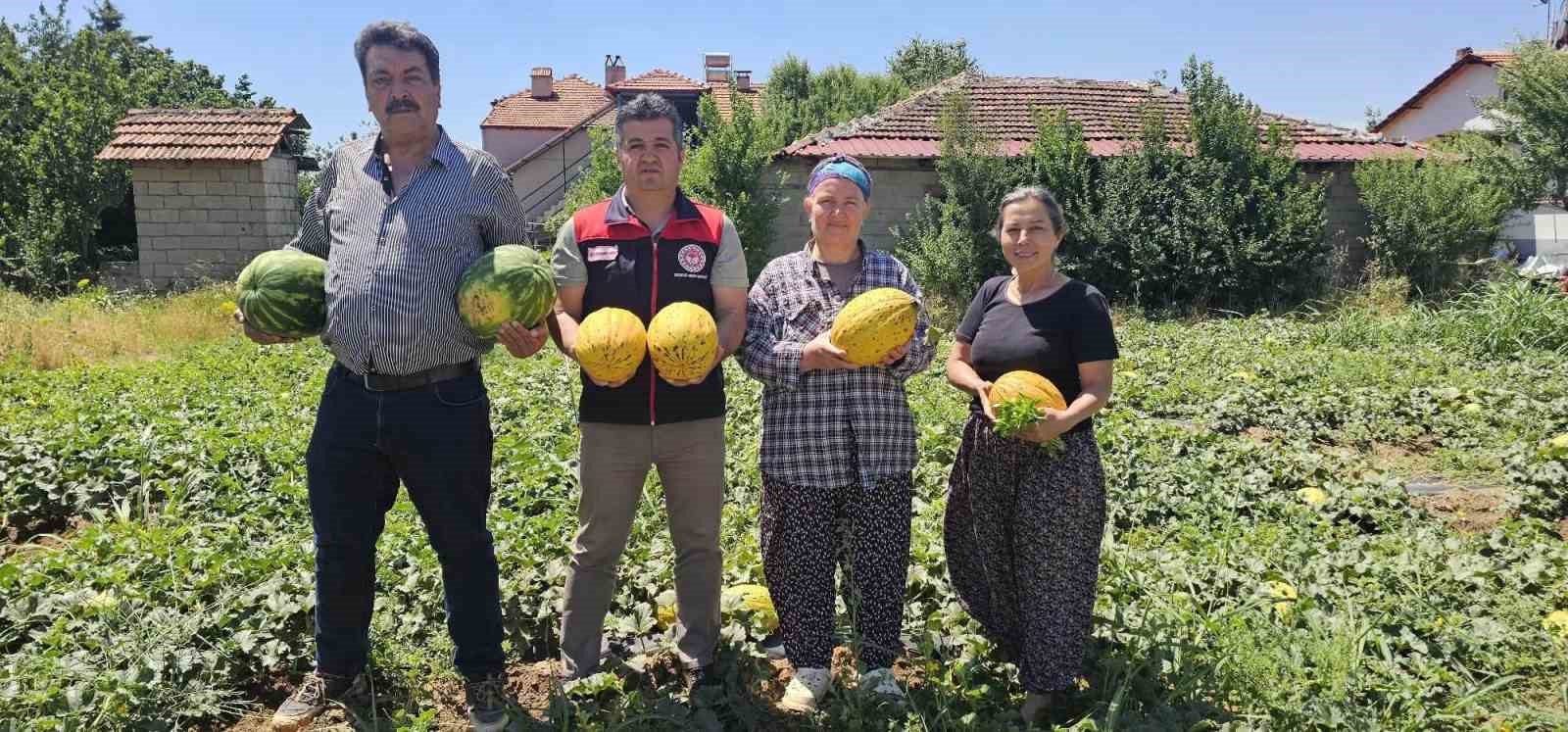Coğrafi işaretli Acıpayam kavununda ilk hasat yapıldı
• • • •
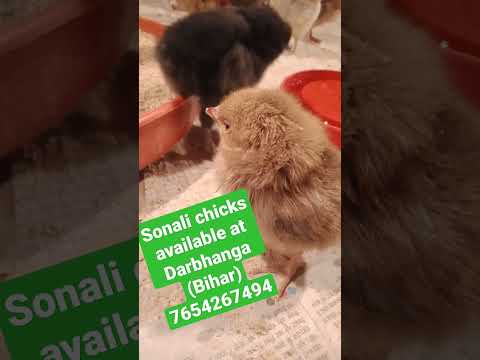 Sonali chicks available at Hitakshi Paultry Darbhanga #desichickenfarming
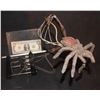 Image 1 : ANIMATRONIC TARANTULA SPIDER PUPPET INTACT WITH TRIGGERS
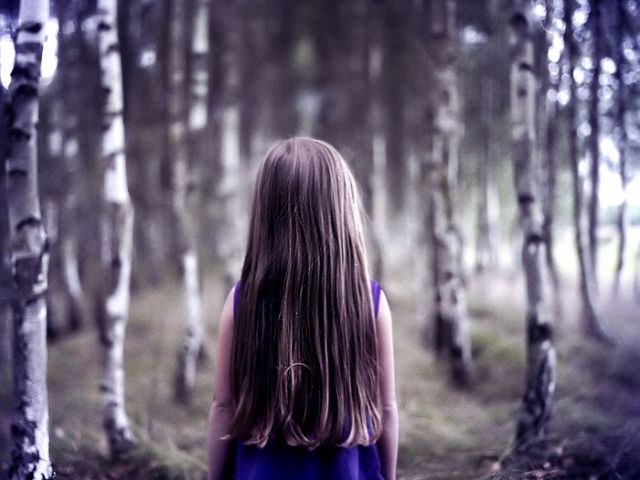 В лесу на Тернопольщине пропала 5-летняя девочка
• • • •
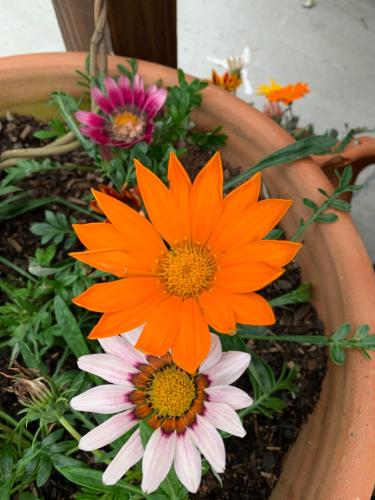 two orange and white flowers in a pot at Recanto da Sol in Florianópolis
• • • •
From the records above, copy only the lines running from the line holding "Image 1 : ANIMATRONIC" through the line holding "В лесу на Тернопольщине", with no pictures.

 Image 1 : ANIMATRONIC TARANTULA SPIDER PUPPET INTACT WITH TRIGGERS
 В лесу на Тернопольщине пропала 5-летняя девочка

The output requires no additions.